Dichotomous Hypothesis of the Solar System Origin: Substantiation and Consequences for AstrobiologyVladimir Kompanichenko*
Institute for Complex Analysis, FEB RAS 4, Birobidzhan, 679016, Russia
- Corresponding Author:
- Vladimir Kompanichenko
Institute for Complex Analysis
FEB RAS 4, Sholom Aleyhem Street, Birobidzhan, 679016, Russia
E-mail: [email protected]
Received Date: July 07, 2016; Accepted Date: November 18, 2016; Published Date: November 25, 2016
Citation: Kompanichenko V (2016) Dichotomous Hypothesis of the Solar System Origin: Substantiation and Consequences for Astrobiology. Astrobiol Outreach 4:155. doi: 10.4172/2332-2519.1000155
Copyright: © 2016 Kompanichenko V. This is an open-access article distributed under the terms of the Creative Commons Attribution License, which permits unrestricted use, distribution, and reproduction in any medium, provided the original author and source are credited.

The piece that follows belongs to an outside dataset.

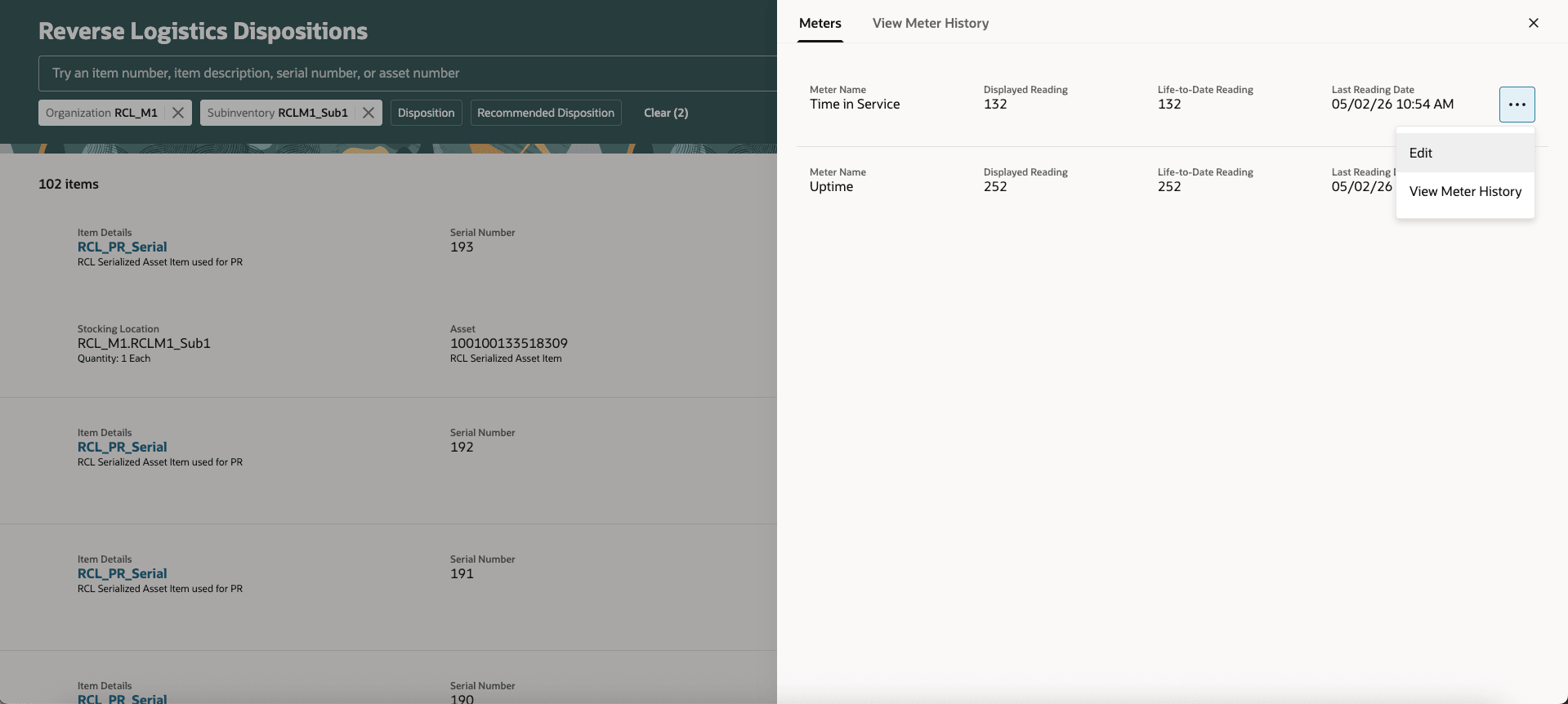 リバース・ロジスティクス処分資産メーター・リスト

The aim of this study consists in the advancement of the author’s dichotomous hypothesis of hot origin of the solar system that is alternate to the well-known hypotheses of cold accretion. The hypothesis proposes formation of solar planets and satellites through dichotomous division of the superheated protoplanetary mass ejected from the youngest Sun due to strong non-equilibrium competition between gravitational contraction and heat expansion. Like the cold accretion hypotheses, the dichotomous hypothesis also explains the key regularities of the solar system structure (angular momentum distribution, position of the asteroid belt, back rotation of Venus and Uranus, etc.). Besides, it offers explanation of new data on extra solar planetary systems that is difficult to understand basing on the gradual cold accretion process (in particular, the misaligned protoplanetary discs in the binary protostar IRS 43). Some predictions following of the given explanation can be examined during future observations. The proposed hot origin of planets and satellites provides some new opportunities and directions for search of life in the solar system, including comets and hydrothermal environments on Mars and Europa.